New Zealand hoki are managed by the Ministry for Primary Industries (MPI) in New Zealand. Primarily caught using midwater and bottom trawl gears, New Zealand hoki are considered to be the most abundant commercial finfish species in New Zealand and the country's largest fishery since the 1980s. There are two stocks of hoki in New Zealand, an eastern that consists of the East Coast of the South Island, Memoo Bank, Chatham Rise, Cook Strait, and the East Coast of the North Island and a western that encompasses the West Coast of the North and South Islands and areas south of New Zealand in the sub-Antarctic such as the Puysegur, Snares, and Southern Plateau. Of these two stocks, there are four main hoki fisheries: West Coast of the South Island, Cook Strait, Chatham Rise, and the sub-Antarctic. Between 1995 and 2000, the western stock declined due to low recruitment. Since then, a stock-rebuilding plan has been introduced and the western stock has been rebuilt. Both stocks are now considered to be at target levels with recent stock assessments projecting biomass likely increasing slightly over the next five years.

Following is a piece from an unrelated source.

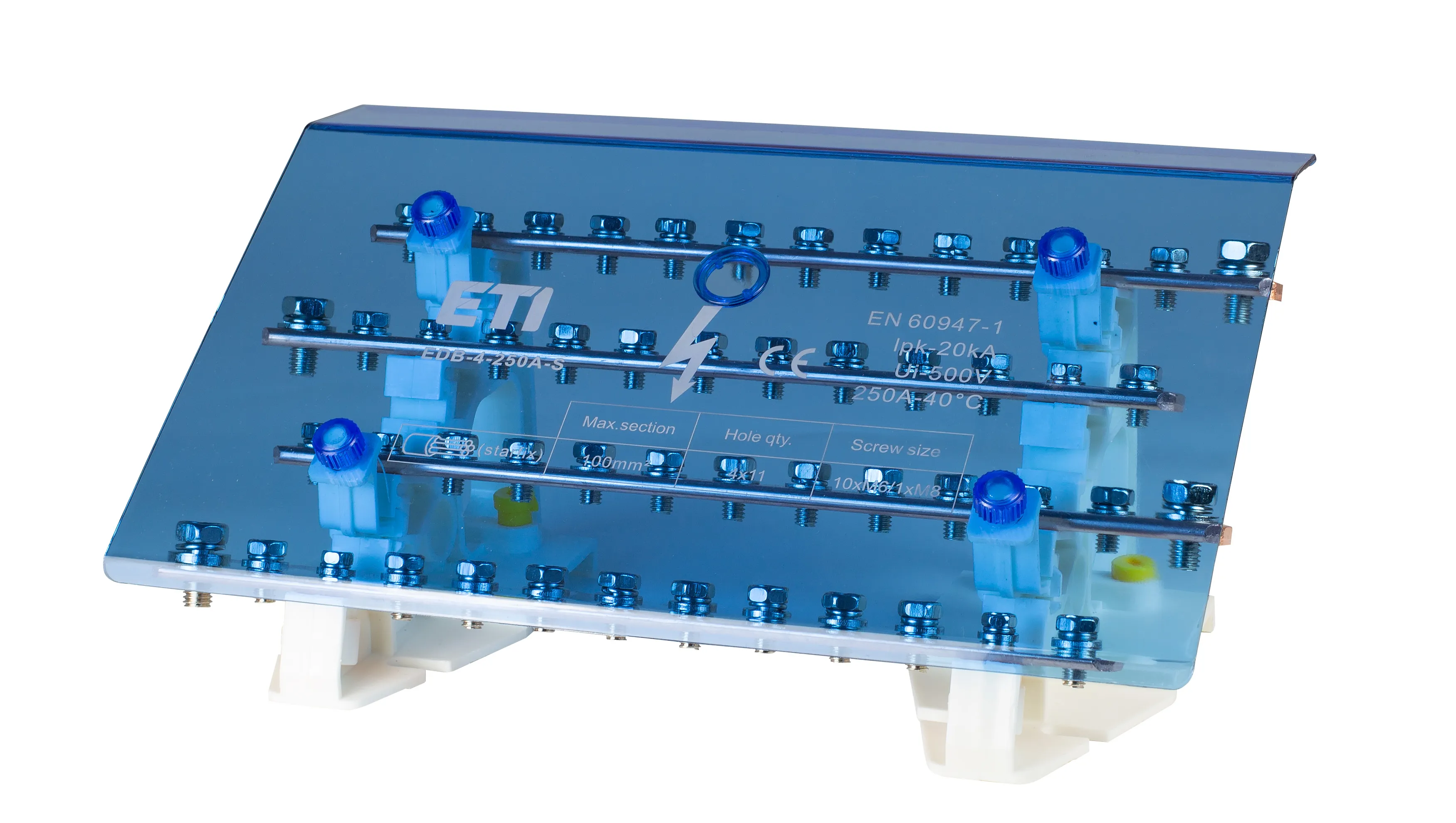 Blok rozdzielczy EDB-4-250A-S 001102312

The primary management tool in New Zealand’s fisheries management is the Quota Management System (QMS), which covers over a hundred commercially important species accounting for more than 600 different stocks. First introduced in 1986, the QMS is designed to ensure the long-term sustainable use of fishery resources by limiting the amount of fish that can be harvested. Under the QMS, each of the 600 plus stocks is assigned its own annual total allowable catch limit, or annual fishing quota, by the MPI. Each year, the MPI sets a single total allowable catch limit for New Zealand hoki under which the eastern and western stocks each get separate quotas. While both the eastern and western stocks are assigned separate quotas, both stocks are assessed simultaneously as individuals from both stocks can be caught in the same regions (such as Chatham rise) and it assists in overall fishery research. Access to the hoki fishery is determined by ownership of transferrable fishery quotas which can be bought or sold amongst users and allows owners to fish up to a certain proportion of the total allowable catch for the eastern and western stocks. Under the QMS, the New Zealand government has also purchased a portion of the quota and has transferred it to the Te Ohu Kaimoana (Treaty of Waitangi Fisheries Commission) in recognition of Maori rights to the commercial hoki fishery.

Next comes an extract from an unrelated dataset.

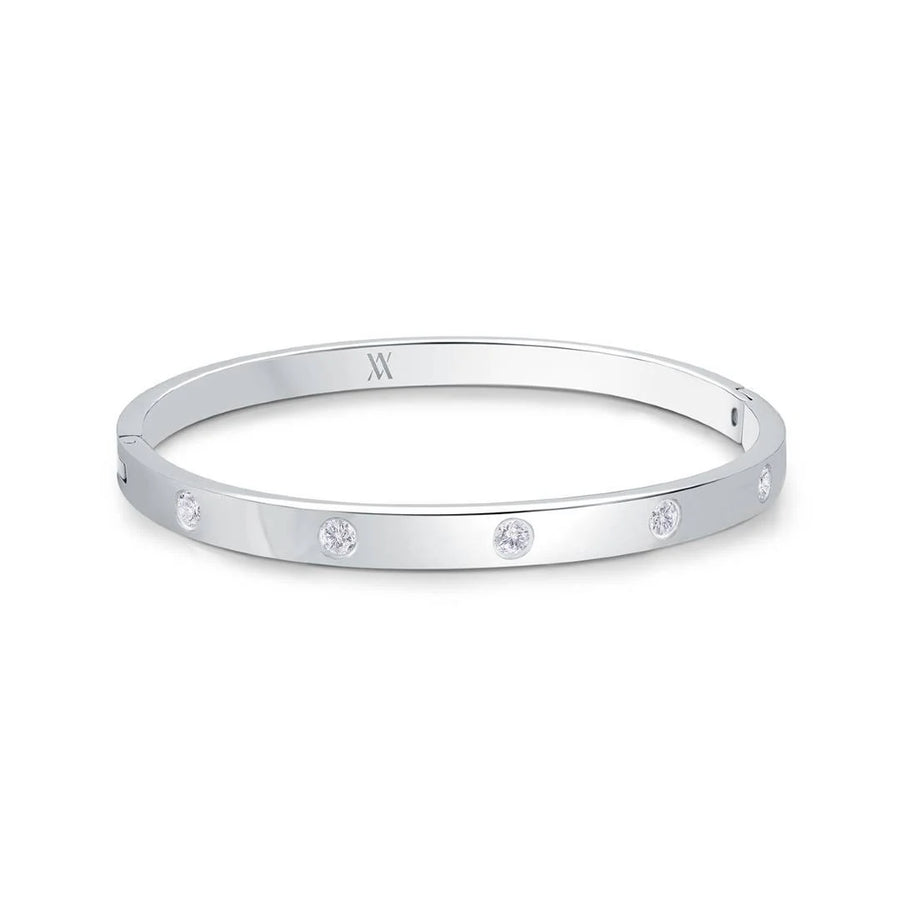 Veloria Multi station 5mm CZ Bangle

Among other management measures are:
- General area closures – 30 percent of New Zealand’s exclusive economic zone (EEZ) is closed to all bottom trawling;
- Fishery-specific area closures – four hoki management areas (HMAs) have been identified as important nursery grounds and are closed to hoki fishing as well as additional time and area closures;
- Fishery vessel monitoring and observer coverage (when selected); and,
- Bycatch reduction measures – mandatory crew training on techniques to reduce seabird bycatch, measures to avoid harming seabirds such as having bird-scaring devices, minimum mesh sizes to reduce the catch of juvenile hoki, and sea lion exclusion devices (SLEDs) use.

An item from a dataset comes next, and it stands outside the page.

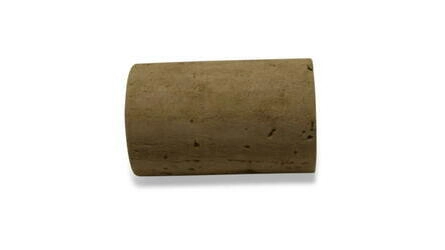 Tapa de cortiça natural para vinho 38x24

Hoki, often called blue grenadier in Australia, are managed by the Australian Fisheries Management Authority (AFMA) as part of Australia’s Southern and Eastern Scalefish and Shark Fishery (SESSF). The SESSF is a multigear/multispecies fishery, is the largest Commonwealth-managed fishery in terms of volume, and covers almost half the Australian Fishing Zone. Under the SESSF, the AFMA assigns annual fishing quotas, also called total allowable catch limits, for hoki, along with 33 other species/species groups. These quota species account for 80 percent of the total commercial catch in the SESSF. Quotas have been in place for hoki since the 1990s with the current total allowable catch for the 2017/2018 fishing season being set at 8765 tonnes. In the SESSF, fishers have Statutory Fishing Rights (SFRs) allowing them to fish a particular quota of the overall the total allowable catch. SFRs are transferable as well as can be leased to other users. Among other management measures for hoki include:
- Restrictions on the number of vessels allowed in the fishery;
- Gear restrictions;
- Reporting requirements (catch records);
- Bycatch reduction measures – all trawling vessels must have a seabird management plan with freezer trawl vessels required to use seal exclusion devices to protect marine mammals. Additionally, bottom trawls must use a minimum mesh size to reduce the catch of juvenile fish; and,
- Area closures to protect vulnerable species, spawning sites, and sensitive habitat.